Vintage Sewing Pattern Pledge checkin - a.k.a. "Are the 80s vintage?!"

A few weeks ago, I added the Vintage Sewing Pattern Pledge button to my sidebar - I love this concept!  Marie from A Stitching Odyssey created a pledge to sew 5 vintage patterns from her stash in 2014.  What a great challenge!  She invited readers to join her in sewing vintage patterns and customize the challenge to suit them.  From one in the year to one every month, folks are incorporating vintage patterns into their sewing for 2014.

As for me, I love this pledge because it makes use of vintage patterns and it is spread over a long time frame with open-ended parameters... sounds like a recipe for success - so I thought I'd join in the fun.

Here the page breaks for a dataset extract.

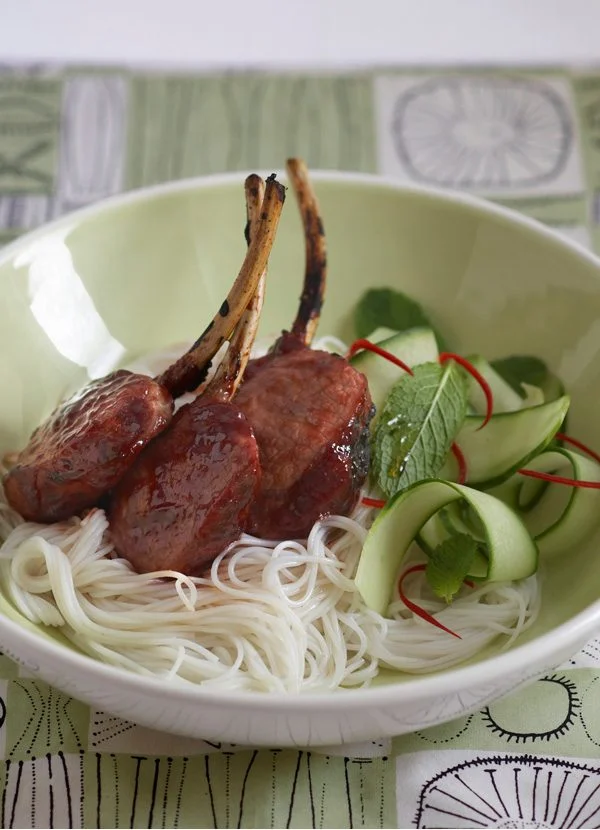 Rice noodles with hoisin lamb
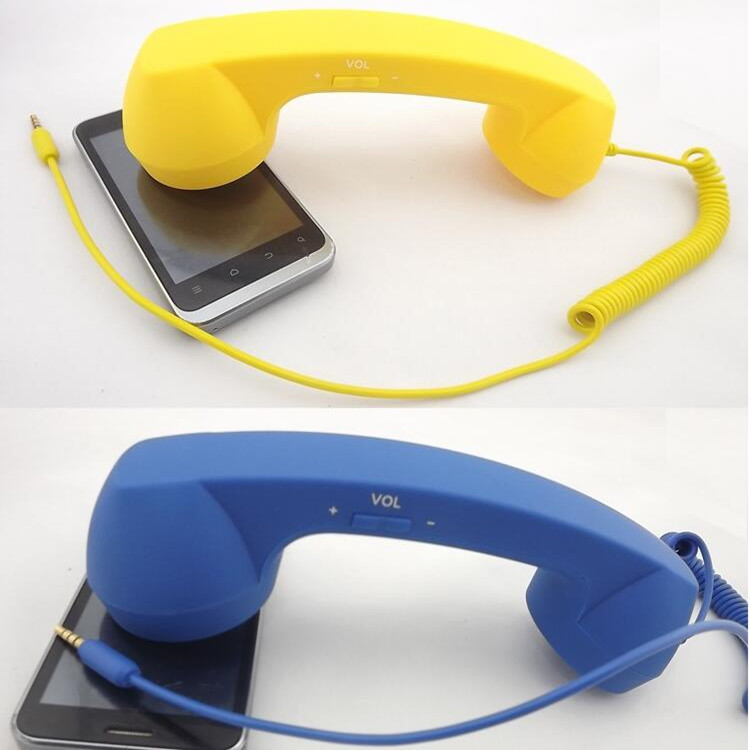Mini large earphones with 3.5mm connectors, mobile phone earphones of mobile phone size, retro headphones and microphones in stock from the manufacturer details Picture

This year, I've really enjoyed getting familiar with indie patterns and designers and I have a wishlist a mile long of new patterns that I'd like to try - but I'm also on a budget, love to wear vintage, and love thrift-store shopping... so I have been collecting patterns from across the decades lately. This pledge is great inspiration and motivation to experiment with my finds.  Here are my most recent acquisitions in the thrifted pattern category.  I'm collecting them faster than I can possibly sew them all, but it's great to have patterns on hand for future projects. (And lest you think I paid a whole 45 cents for each of these - fear not!  They were actually 75% off since they had been sitting around the Salvation Army for so long.)


So, without further ado:

I pledge to make at least 5 garments this year from 20th century patterns.

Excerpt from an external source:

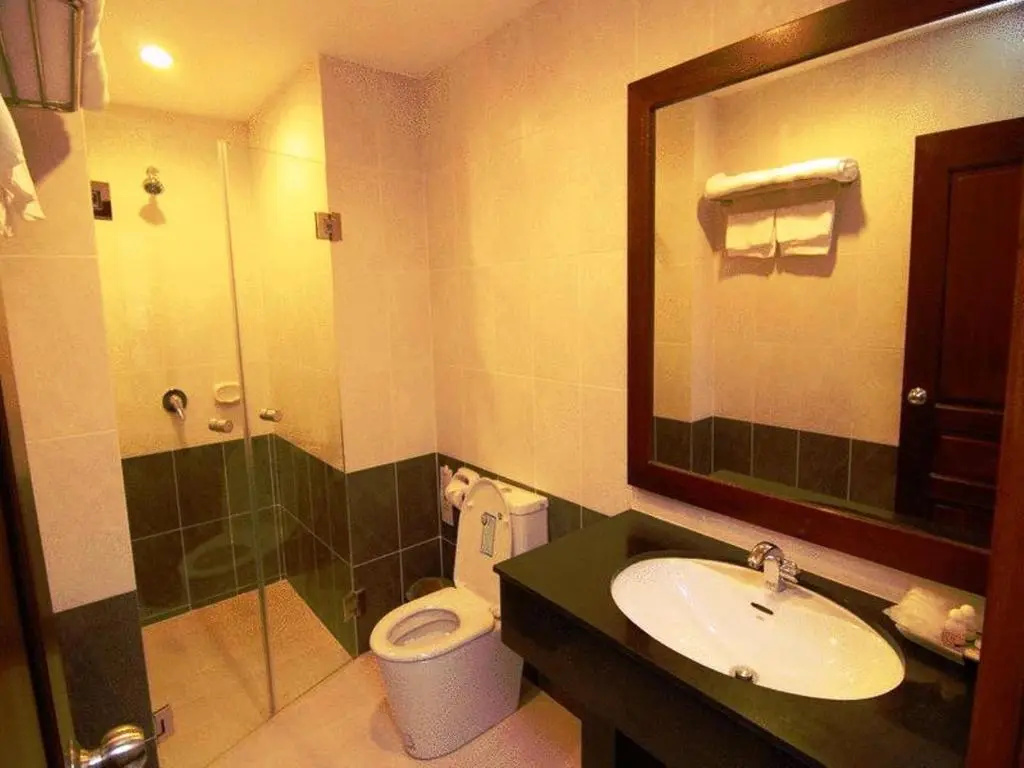 Classic Double room (full double bed)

Sorry. I can't quite comfortably call 80's and 90's patterns "vintage" yet, so I'm just saying 20th century, which will cover most of the patterns I've found at thrift stores. I guess I'm just not ready to think that stuff I once wore brand new is proper vintage yet.  Please humor me for a few more years, as I come to accept this & maybe in 2015 I will make a pledge to sew 5 patterns from before I was born!

I read a recent update on the Vintage Pattern Pledge and realized that my current project actually fits the pledge, which inspired me to do a little roundup of my own.

I'm currently working on an Eighties top from a pattern I got on one of my Grants Pass thrifting adventures. It's from 1988. It's a really simple shape that I have sliced up to incorporate a fun bit of fabric I also found in a Grants Pass thrift store.  This modified pattern has been a great opportunity to practice the French seaming method I learned from Gertie's New Book for Better Sewing.  I am a little embarassed to admit this, but the finishing method I used to do that I thought was a French seam was actually a flat felled seam.  It makes a similar finish only stitched down, but little did I know - there is an easier way! I learned so much from Gertie's seam finishing chapter and now proper French seams seem easy-peasy, so I am really enjoying them. Look: it's a French seam convergence!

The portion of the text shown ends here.